"Posthuman Aesthetics" Online Course Preview 3: Normality and Enhancement
This is a preview of one of the lectures from our open online course Posthuman Aesthetics.
My module at the Posthuman Aesthetics Open Online Course considers two drivers of change for humans: enhancement and normality. When considering ideas of future humans, and in particular the imagery that literature, comics and film provide, all kinds of possible enhancements are “tested”, often suggesting that what seemed like a great idea – bigger brains, longer lives, stronger muscles, integration with machines – could turn out to be quite terrible. The concept of normality often flies under the radar, but it could in many ways be just as problematic as visions of enhancement as the experience of a shrinking idea of what counts as normal become more and more present. Consider how narrow the spectrum for a perception of normal height is? Beyond 10-15 centimeters one is either tall or short. And such ideas of the normal affect social relations on many accounts as well as desires to control normalcy.

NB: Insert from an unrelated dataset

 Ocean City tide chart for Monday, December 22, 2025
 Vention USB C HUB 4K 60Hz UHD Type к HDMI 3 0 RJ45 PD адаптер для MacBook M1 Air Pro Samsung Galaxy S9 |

In both cases, the enhanced and the normal, it is obvious that aesthetics play a key role. In fictions of the future but certainly also in the ways people at present are willing to manipulate their bodies or make choices for their futures offspring. What I will suggest – and discuss – is the value of imperfection in this situation, which can be made only taking in the aesthetic value (in its broadest sense) that we constantly “negotiate” with ourselves and the world around us through the choices we make and the art and fiction we appreciate.